Google werkelt hinter den Kulissen aktuell daran, Gmail stark zu verbessern.

In einer Mail an Nutzer von G Suite werden einige Neuerungen angekündigt. In den nächsten Wochen plant Google, ein Early Adopter Program zu starten. Dort lässt sich unter anderem ein neues Design für die Web-Version des Dienstes testen. Gerüchten zufolge soll dieses der Optik von Inbox ähneln.

Bekannte Inbox-Features kommen auch zu Gmail

Unter den neuen Features befindet sich auch Smart Reply. Damit lassen sich mit nur einem Klick Mail-Antworten verfassen. Die Funktion ist von Inbox schon länger bekannt. Demnächst wird sie jedoch auch in die Gmail-App und Web-Version einfließen.

Ebenfalls ein alter Hut: Das Zurückstellen von Emails. Diese verschwinden dann aus dem Posteingang und tauchen zum gewünschten Zeitpunkt wieder auf. Bei Bedarf lassen sie sich natürlich auch vorher „zurückholen“.

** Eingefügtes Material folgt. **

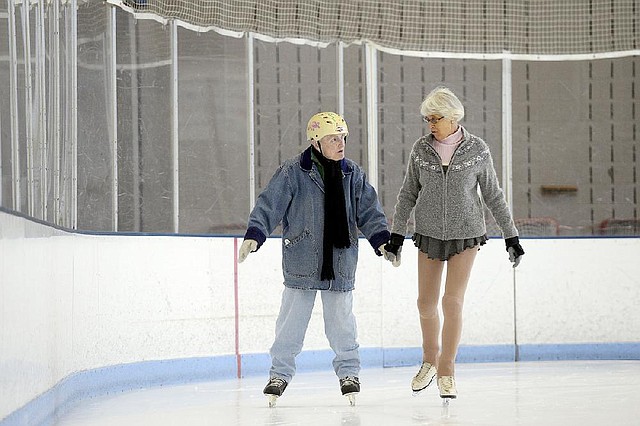 STAFF PHOTO ANTHONY REYES
Elizabeth Reagan, 91, left, skates with Marcela Taylor Thursday, Dec. 19, 2013 at the ice rink inside the Jones Center in Springdale. Reagan learned to skate as a child in St. Paul, Minn., and took it up again several years ago when the Jones Center opened up the ice rink. She skates at least once a week, wears a helmet since a past fall bloodied her head and usually skates with a partner for balance.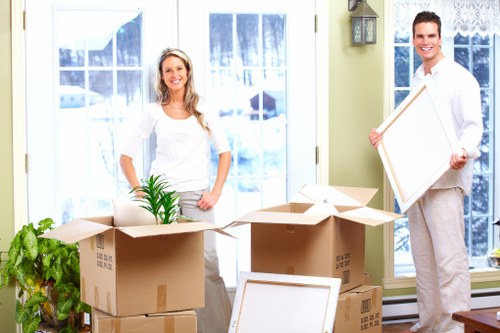 Professional movers handling household furniture in a Crystal Palace home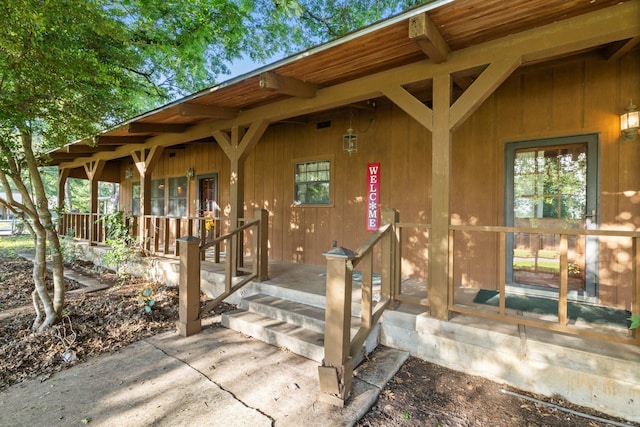 891 Lazy Acres Cir, Pottsboro, TX 75076 - view of exterior entry featuring covered porch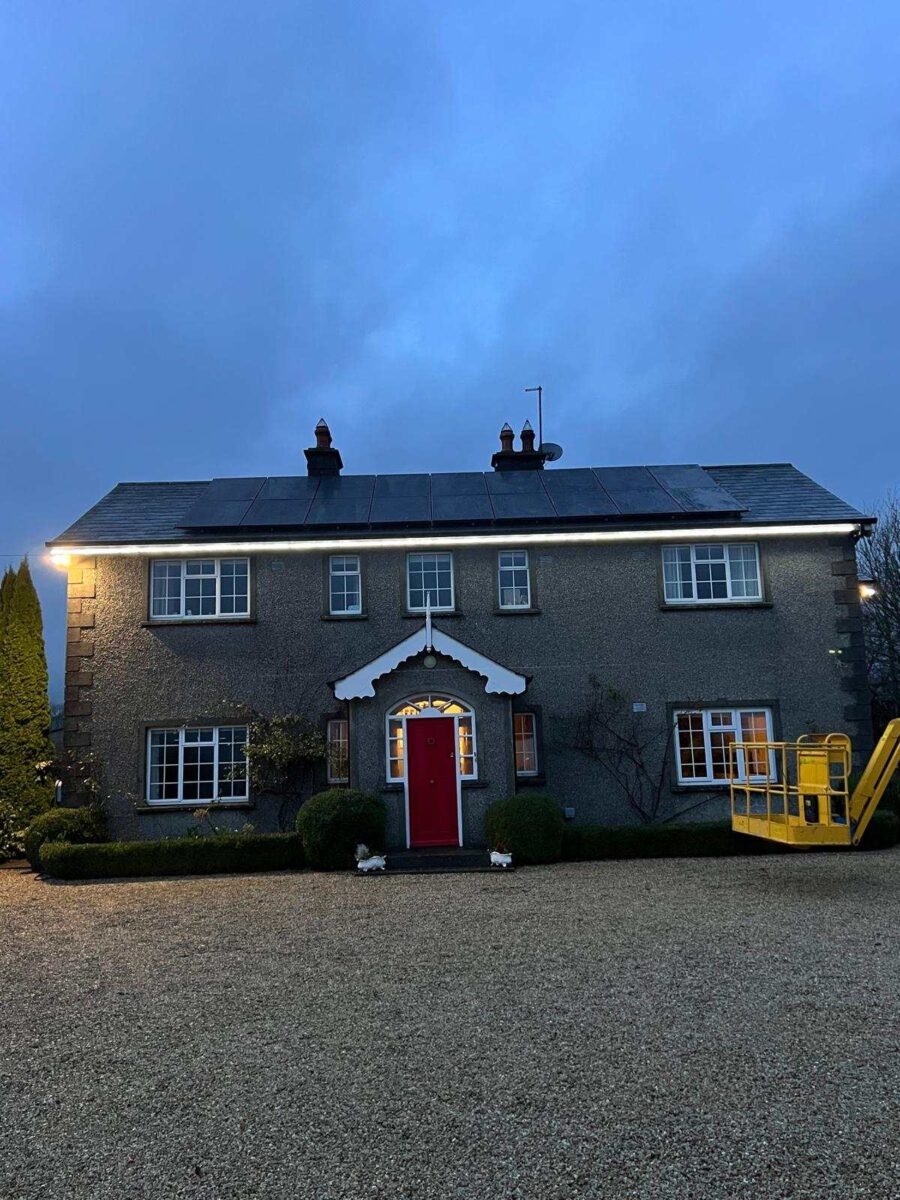 Charming grey house with a red door, illuminated by roofline lights.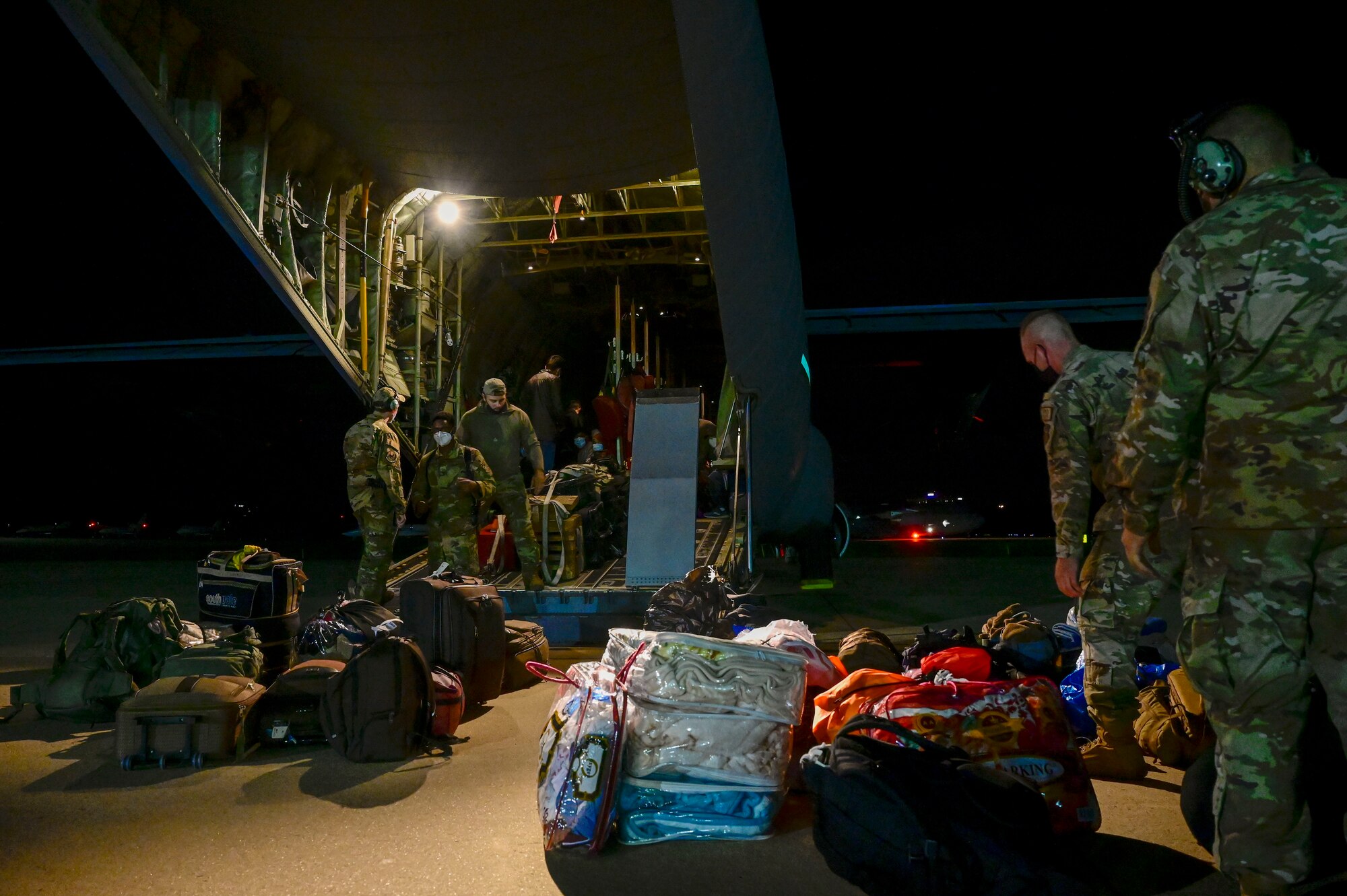 Airmen load cargo onto a C-130J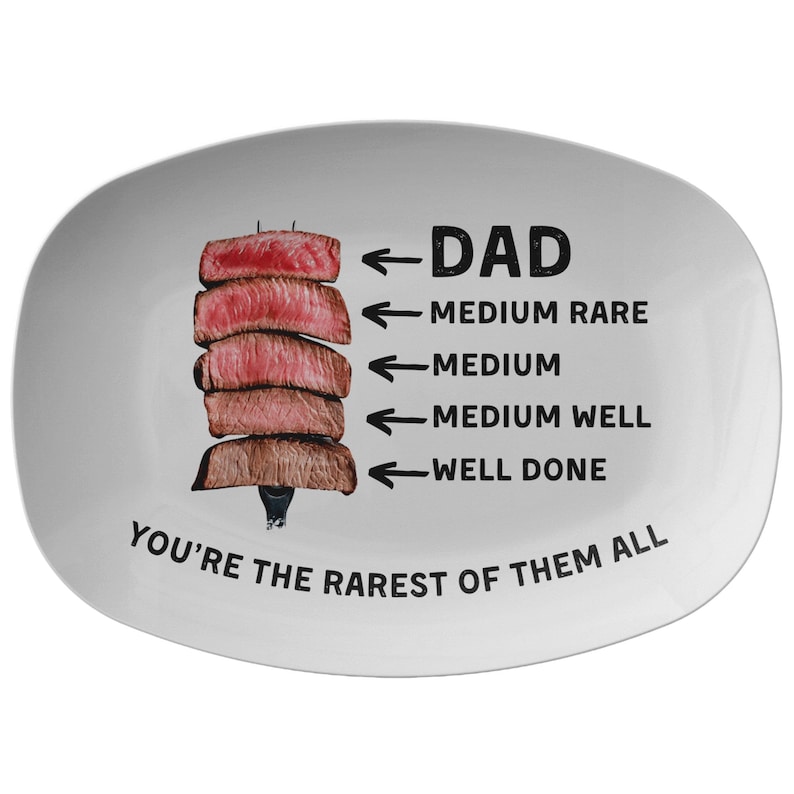 May include: White ceramic serving platter with a graphic of a stack of steaks and arrows pointing to different levels of doneness. The text reads "DAD" and "YOU'RE THE RAREST OF THEM ALL".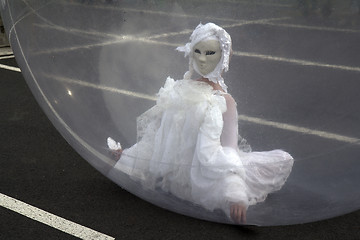 Image showing Masked woman in a sphere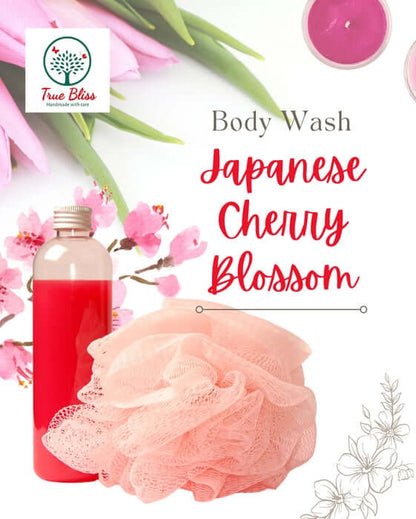 TrueBliss Japanese Cherry Blossom body wash with pink loofah and cherry blossoms.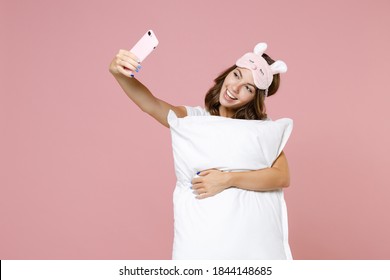 Funny young woman 20s in pajamas home wear sleep mask hold pillow doing selfie shot on mobile phone while resting at home isolated on pastel pink background studio portrait. Relax good mood concept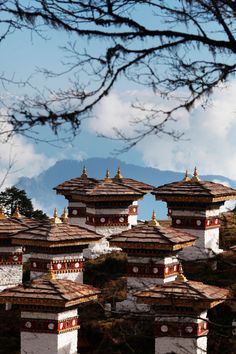 there are many white and red buildings on the mountain side with mountains in the background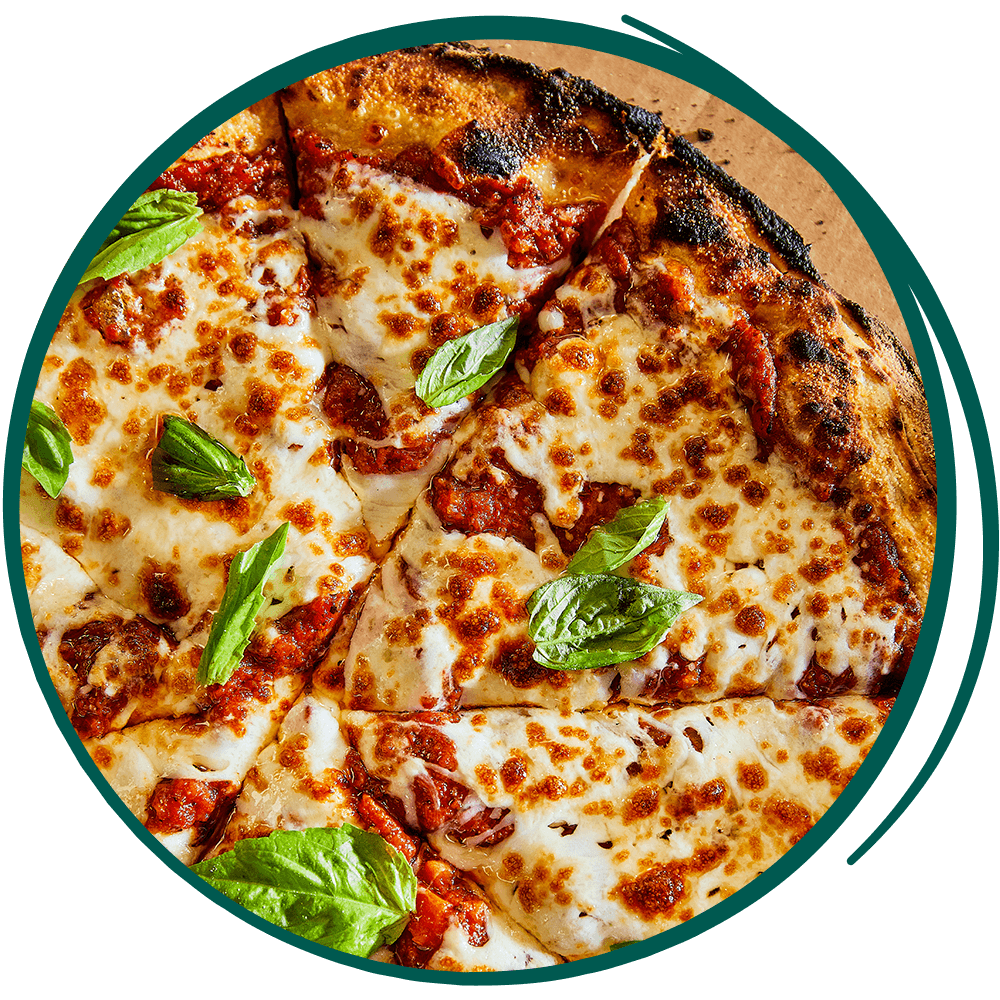 SMC-Website-Re-Skin-pizza-7-25 cheese pizza with fresh basil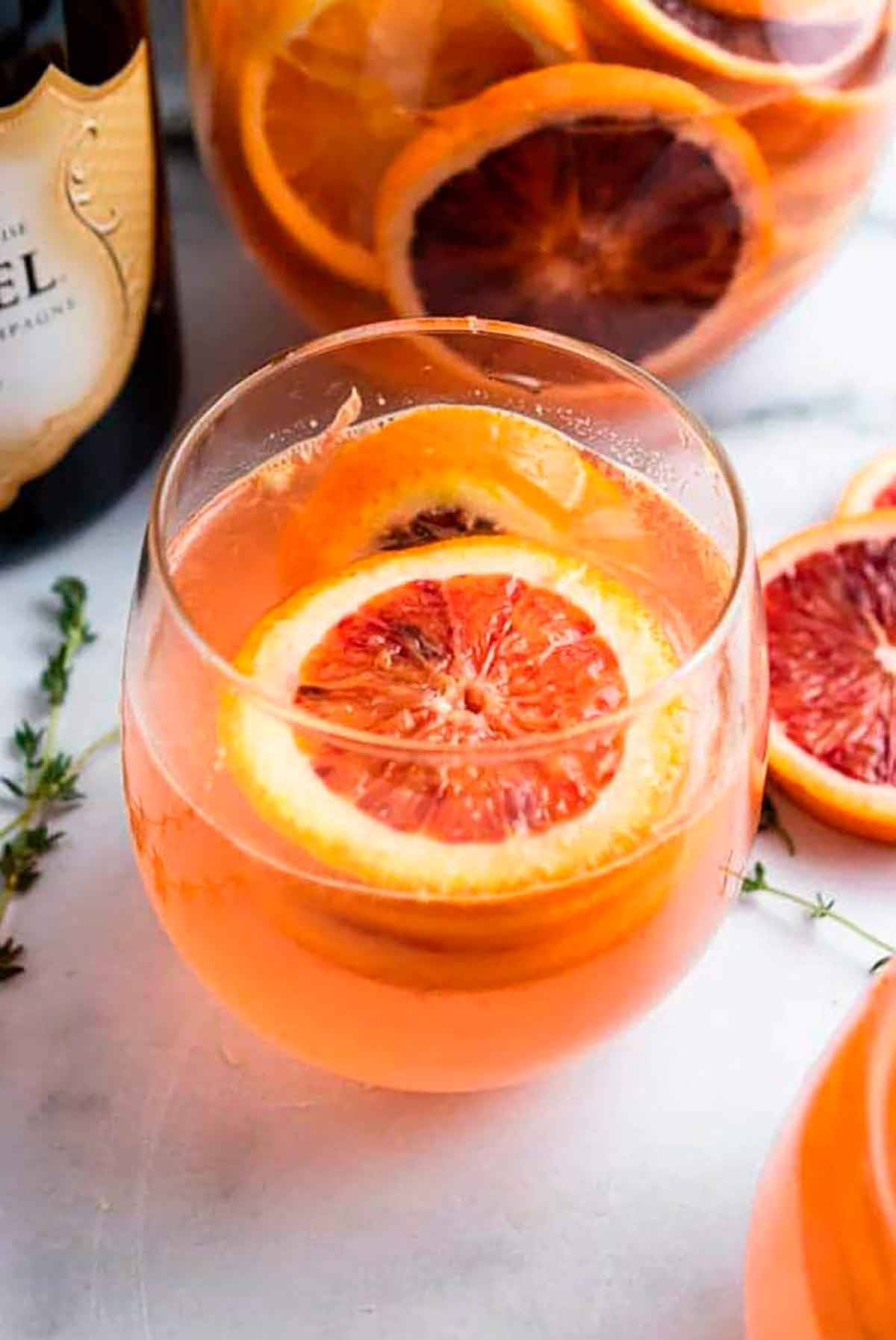 A blood orange champagne cocktail, garnished with an orange slice, beside a few stray orange slices on a table.
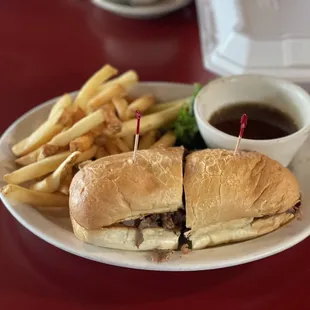 French dip sandwich and fries. You can substitute fries with potato salad or coleslaw.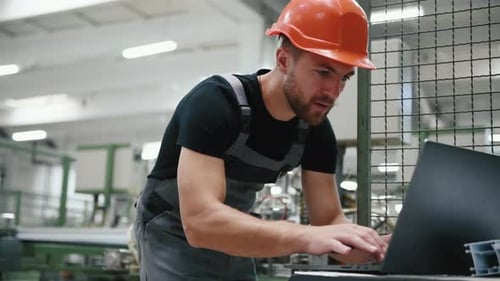 Young worker in uniform stands in the factory and typing on the laptop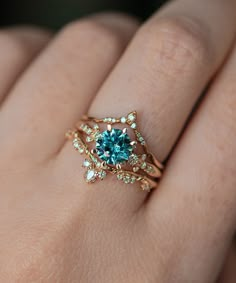 a woman's hand with a ring on it and a blue stone in the middle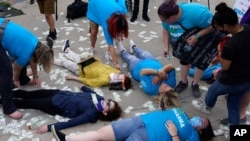 Protesters stage a die-in and have their shapes traced on the sidewalk outside the courthouse where the Purdue Pharma bankruptcy is taking place in White Plains, NY, Aug. 9, 2021.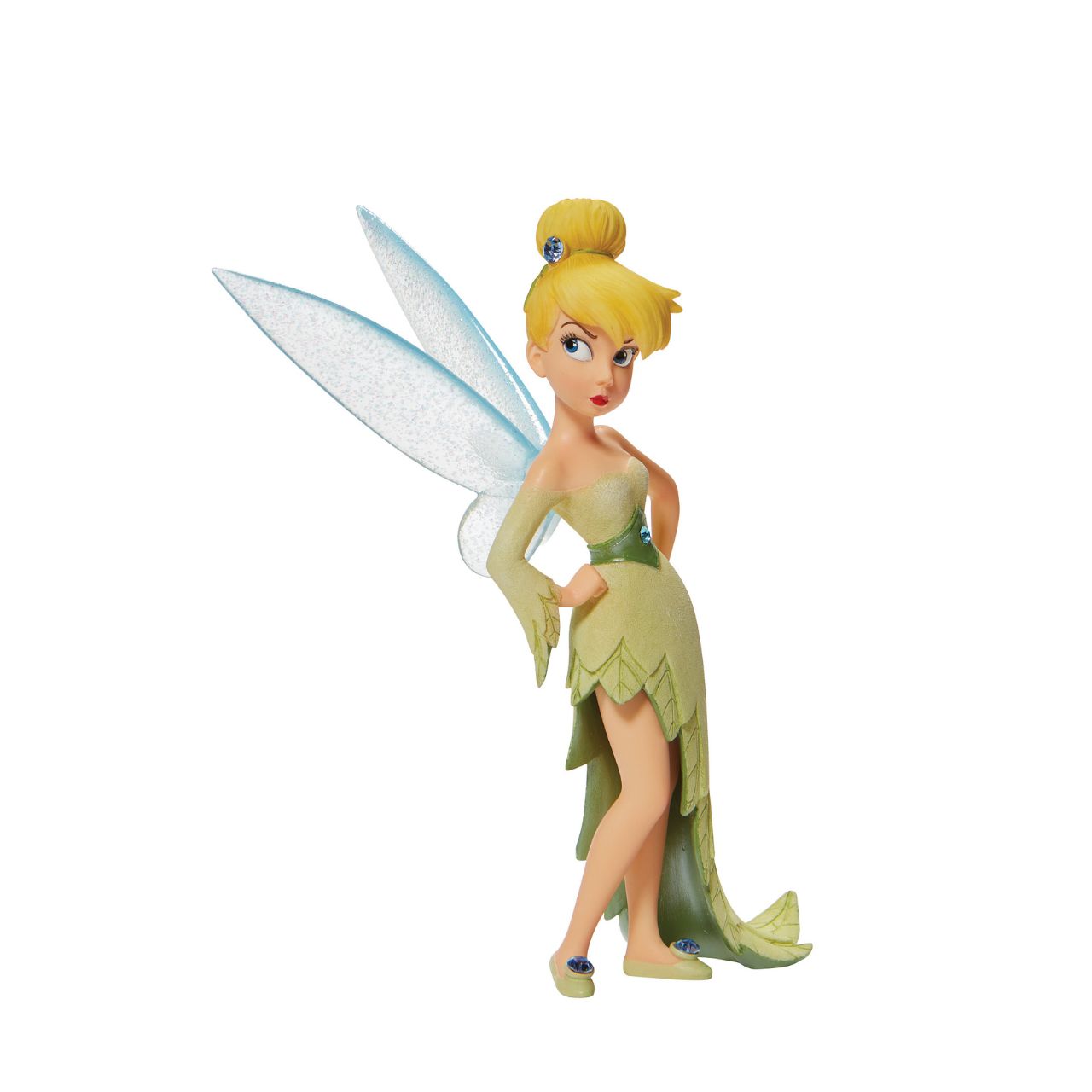 Hands on her hips, this pixie pouts with elegance and charm. With sparkling fairy wings and bedazzled accents, this Disney collectible is a tiny treasure. Wearing a dress made from the finest leaves, Tinker Bell is the unofficial queen of Neverland.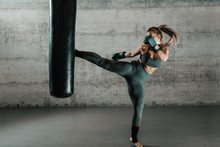 Caucasian Woman In Sportswear And With Boxing Gloves Kicking Bag In The Gym. Full Length. Wall In Background.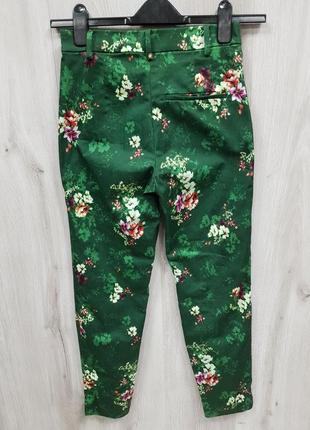Зеленые стречевые брюки в принт sale4 фото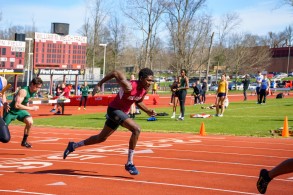 Track athlete running a race.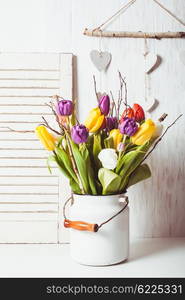 Color tulips with branches in a white cane. Spring decor. Color tulips in the cane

Auch Offline-Modus in Arbeit

Bis Juni verspricht Google außerdem einen Offline-Modus. Die Web-Version kann dann eingeschränkt auch ohne aktive Internetverbindung genutzt werden. Weitere Details dazu sollen noch folgen.

Aufgrund der vielen Umstellungen wird Entwicklern empfohlen, ihre Chrome-Addons, die mit Gmail arbeiten, zu überprüfen. Möglicherweise sind sie mit der neuen Version inkompatibel, wie TechCrunch berichtet.